Se trata, pues, de un catálogo que no carece de interés, pero, vistos hoy, los libros en su edición en rústica con solapas (sobre todo por el papel, el diseño de caja y la tipografía) resultan rematadamente feos. Aun así, en una apostilla al displicente y desganado comentario que dedicó Fernando Diaz-Plaja a El corrector de pruebas, escribía: “La edición, de Astarté, clara y legible”, en lo que supongo que debe interpretarse un elogio. De algunos de los títulos de Astarté se hicieron también ediciones en tapa dura, como es el caso de Islas del Sur, y en la serie de lujo aparecería aún en 1946 una traducción de José Zambrano del Viaje en torno de mi cuarto, de Xavier de Maistre, ilustrado por Pedro Prat (del que se hizo una tirada de mil ejemplares en papel de la Gelidense), así como un Balok, el hombre que cazó al ruido, de Rafael J. Salvia (1915-1976), que posteriormente se haría muy popular como guionista de películas como Sor Citröen (1967), Los chicos del preu (1967) o Don Erre que erre (1970). Astarté fue, pues, una iniciativa, quizá por las mismas penurias impuestas por la época, formalmente muy modesta, pero literariamente interesante ni que sea por el hecho de haber publicado –en un contexto un poco extraño de escritores decimonónicos bastante consagrados– a algunos prometedores e interesantes novelistas españoles.
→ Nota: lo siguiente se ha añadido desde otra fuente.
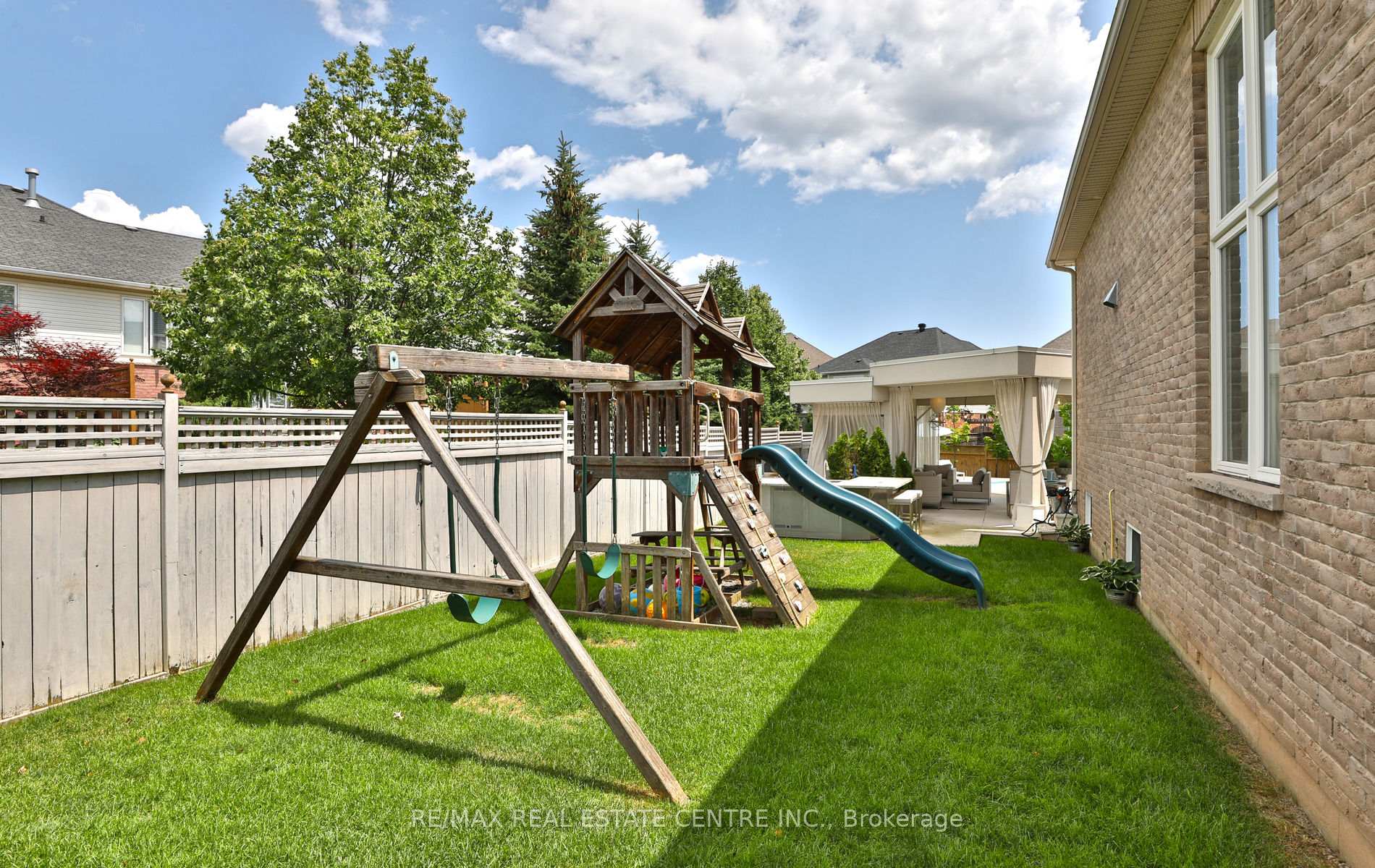 Photo 35 of 4210 Sarazen Drive, Burlington, Rose — HOMEH
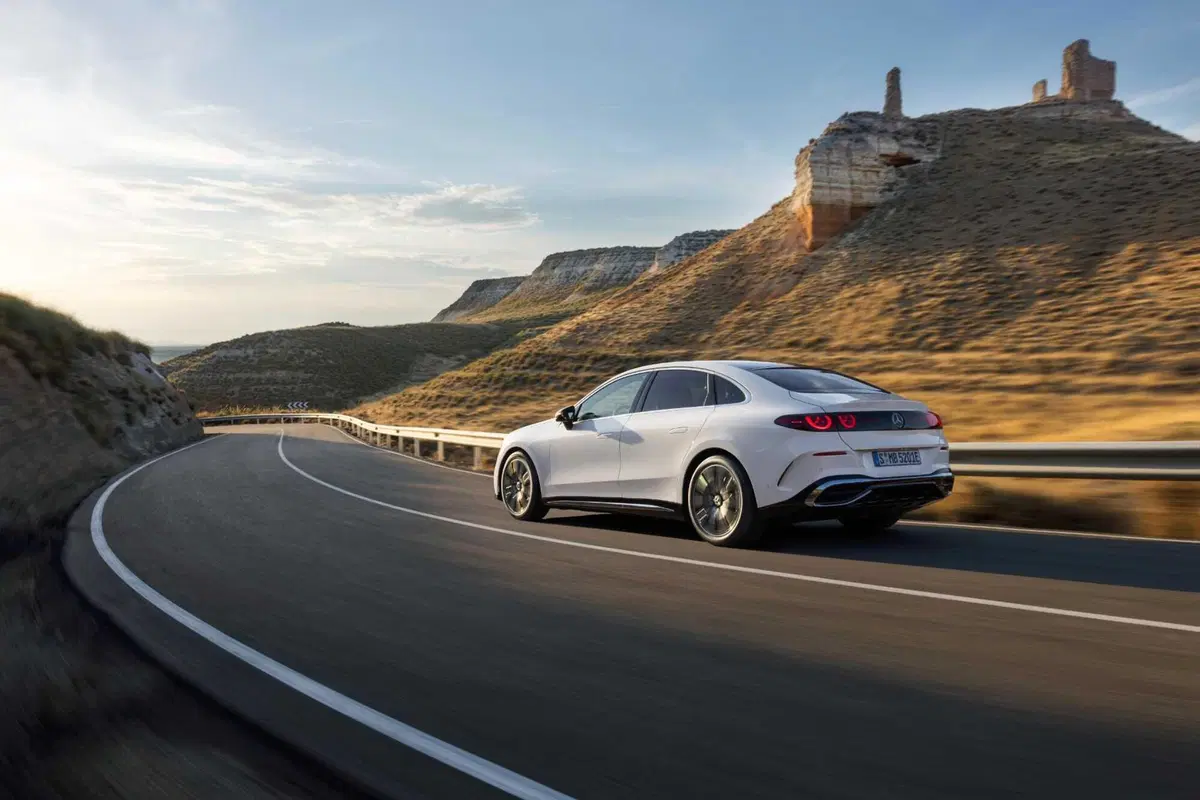 La berlina di Stoccarda si reinventa con un'anima 100% a zero emissioni, un design che pesca dalle icone del passato e una tecnologia che ridefinisce il concetto di lusso connesso (9)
Pese al texto de la faja que ceñía los ejemplares (“En tres días y en la ciudad de Barcelona, transcurre esta novela de uno de nuestros escritores más originales”), el inicio del texto de solapa, tras la biografía del autor, no resulta precisamente alentador: “El corrector de pruebas es la historia de un pobre hombre, insignificante no por su carencia de cualidades objetivas, sino por una timidez invencible y correcta de la que nunca puede librarse”. La novela narra la historia de Jerónimo Crous, que se debate de forma simultánea en varios frentes: la imposible recuperación del vínculo afectivo con un hijo al que perdió de vista durante varios años que pasó en Francia, una incipiente relación sentimental con una bibliotecaria (Pilar) y la pugna por publicar su obra literaria, y todo ello inmerso en un paisaje humano en el que, pese a la consabida advertencia inicial –“todos los personajes de esta novela son imaginarios. Cualquier parecido con seres reales es puramente involuntario y casual”–, parecen asomar aquí y allá trasuntos de personajes reales que sin embargo no es nada fácil identificar inequívocamente, pero que invitan a un ejercicio de suposiciones que da mucho juego.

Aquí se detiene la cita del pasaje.